Gold prices successfully surpassed the previous high of the 1,703 strong barrier, confirming the upside tendency in the short- and medium-term timeframes. The yellow metal challenged a new fresh seven-and-a-half-year high of 1,746.95 on April 14 and is currently hovering slightly below this level.
The momentum indicators are failing to improve the positive picture on price action. The MACD oscillator slipped beneath the trigger line and is losing some ground, while the RSI is pointing marginally to the downside in the positive area.
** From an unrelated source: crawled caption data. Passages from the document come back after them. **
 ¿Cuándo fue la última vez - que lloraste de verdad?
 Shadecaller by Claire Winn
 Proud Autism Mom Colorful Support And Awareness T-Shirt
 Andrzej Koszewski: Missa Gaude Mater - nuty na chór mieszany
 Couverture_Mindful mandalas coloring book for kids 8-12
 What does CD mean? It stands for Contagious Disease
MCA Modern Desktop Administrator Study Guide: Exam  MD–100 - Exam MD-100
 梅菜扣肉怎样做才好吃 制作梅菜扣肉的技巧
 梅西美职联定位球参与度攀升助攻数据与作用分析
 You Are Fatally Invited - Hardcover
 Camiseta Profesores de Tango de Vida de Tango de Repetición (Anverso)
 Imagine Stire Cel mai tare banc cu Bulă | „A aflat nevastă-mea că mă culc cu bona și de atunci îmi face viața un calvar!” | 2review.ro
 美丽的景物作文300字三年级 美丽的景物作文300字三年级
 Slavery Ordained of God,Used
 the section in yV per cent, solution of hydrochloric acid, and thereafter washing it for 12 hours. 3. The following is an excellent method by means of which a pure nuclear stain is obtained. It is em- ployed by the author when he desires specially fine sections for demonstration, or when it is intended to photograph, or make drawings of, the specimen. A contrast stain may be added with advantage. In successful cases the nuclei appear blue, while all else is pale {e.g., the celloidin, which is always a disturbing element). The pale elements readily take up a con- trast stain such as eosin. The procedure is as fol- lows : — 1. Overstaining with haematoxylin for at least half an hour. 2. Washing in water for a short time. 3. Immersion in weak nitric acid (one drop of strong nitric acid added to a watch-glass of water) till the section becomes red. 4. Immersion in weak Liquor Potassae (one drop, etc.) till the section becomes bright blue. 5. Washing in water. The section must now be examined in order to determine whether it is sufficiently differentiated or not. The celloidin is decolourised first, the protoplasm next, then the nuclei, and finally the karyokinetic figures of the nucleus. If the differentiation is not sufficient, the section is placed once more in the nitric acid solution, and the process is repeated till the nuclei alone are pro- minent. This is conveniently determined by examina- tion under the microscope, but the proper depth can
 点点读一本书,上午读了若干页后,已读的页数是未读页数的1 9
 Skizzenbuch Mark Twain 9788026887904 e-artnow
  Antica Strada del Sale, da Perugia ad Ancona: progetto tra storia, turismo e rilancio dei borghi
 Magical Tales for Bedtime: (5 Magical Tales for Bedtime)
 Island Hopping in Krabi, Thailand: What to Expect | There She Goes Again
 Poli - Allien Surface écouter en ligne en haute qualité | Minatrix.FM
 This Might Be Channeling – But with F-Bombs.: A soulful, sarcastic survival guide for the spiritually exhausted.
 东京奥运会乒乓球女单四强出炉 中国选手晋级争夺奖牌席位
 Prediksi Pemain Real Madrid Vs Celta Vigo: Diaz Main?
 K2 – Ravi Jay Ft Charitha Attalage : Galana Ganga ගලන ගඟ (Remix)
However, the 20- and 40-day simple moving averages (SMAs) posted a bullish crossover suggesting more gains in the short-term.
To the upside, immediate resistance is coming from the multi-year peak of 1,746.95 ahead of the crucial level of 1,795, taken from the highs on October 2012. An extension above the latter level prices could be sent towards the 161.8% Fibonacci extension level of the downward wave from 1,703 to 1,454 at 1,857.
On the flip side, if the prices lead lower, they could find support at the 1,660 mark, identified by the latest lows, but first it needs to battle with the 20-day SMA at 1,673. More losses could drive the market towards the 40-day SMA at 1,632 before touching the lower surface of the Ichimoku cloud at 1,565. Below that, the 200-day SMA at 1,534 is coming next.
Overall, gold prices are holding in positive territory – above 1,660 – despite the falling mode on technical indicators in the short-term.